Compute Cumulative Frequency


Can we compute cumulative frequency in CUDA.

Suppose if i have array[10] and i want to calculate the cumulative array where array[i]=array[i-1]+ some_constant.

In a single block how can i achieve this??

as all the threads will run in parallel so is it possible for a thread (i.e. 2) to wait for thread (1) to compute its value and use it.

is there any way this can be done faster than in CPU itself?

The sort of parallel prefix sum you want to perform can be done in CUDA. Have a look at the scan example and paper in the SDK.

That sounds like the worst possible candidate for a GPU implementation and the definition of a serial algorithm.
Since each thread i needs the work of thread i-1 to be finished before it can start its work, i dont see any way to speed this up. When thread i is done with its work, itll just idle?

Looks to me like only on thread will be doing any actual work at any given time, in which case you might as well run it on the CPU.

But who knows, i could be wrong!

The key here is that the binary operation between elements is associative (like addition). This lets you compute a bunch of partial sums in parallel and reuse them. The GPU can be very beneficial in this case (though more due to its enormous memory bandwidth).

The big issue here is that with only 10 elements, a prefix scan on the GPU is not worth it. Nearly the entire GPU will be idle, and the kernel launch overhead will be vastly greater than the actual runtime. If you needed to prefix scan a million elements (especially if they were already in the device memory), then the GPU would do a good job.

10 element was just some dummy number for example.
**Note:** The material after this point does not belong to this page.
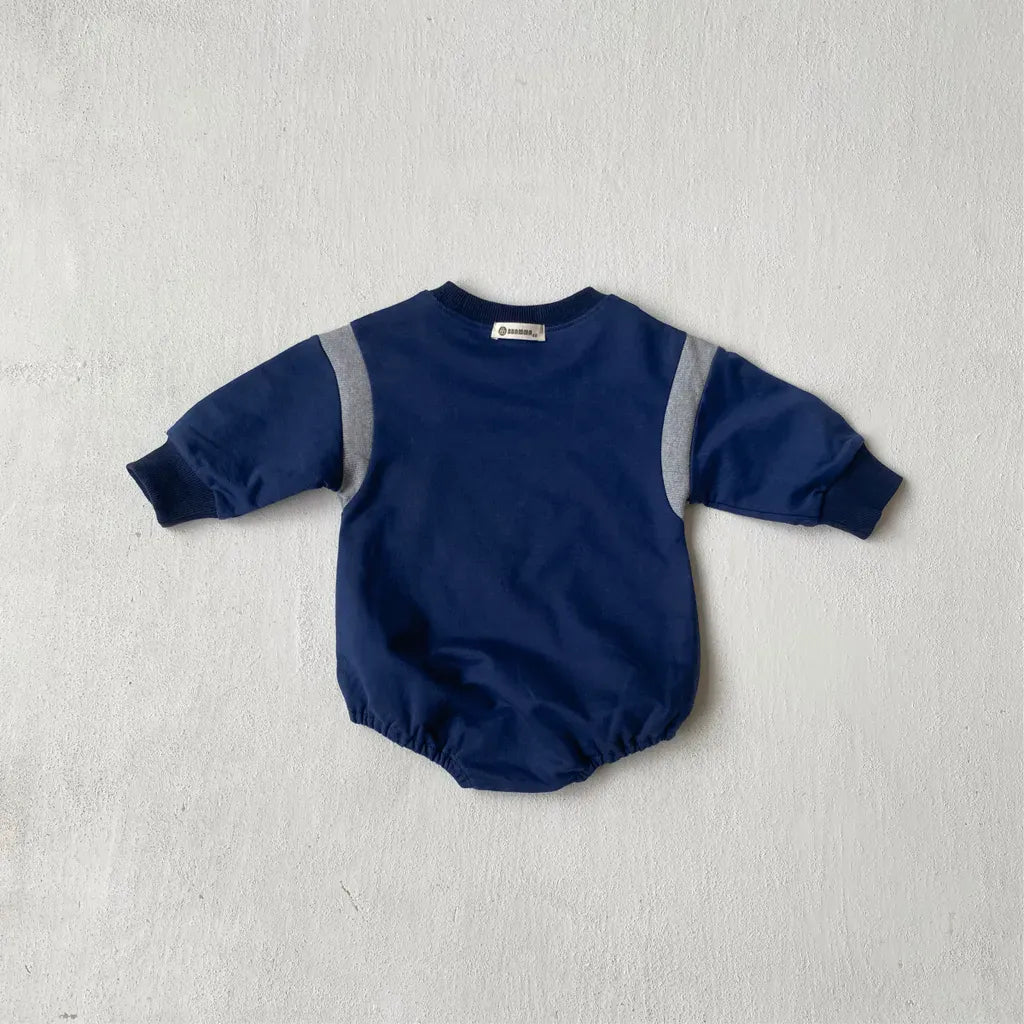 長袖ロンパース りんごプリントパッチワーク長袖ロンパース【mh0011121】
But still my array wont be in millions and as per the paper that i studied regarding Parallel Prefix sum ( seems like my application wont benefit much from it or it will degrade.
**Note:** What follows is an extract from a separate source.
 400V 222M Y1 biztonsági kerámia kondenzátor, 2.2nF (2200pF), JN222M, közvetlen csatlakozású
Thank you very much for the information

Sure i agree with that, but the way he presents the problem, i thought all elements from the array were populated from the first element of the array.

I agreee that it can be sped up if every element in the array already has a value, which is to say that value[n] can be computed at any time since value[n-1] is accessible at kernel launch.

The way i understood the problem (which might very well be completly wrong) is that only the first value in the array has an initial value and that every other element is cascaded from that first element.

-well not that i think about it for more than 3 secs, my understanding of the problem made no sense… so carry on and ignore my initial post!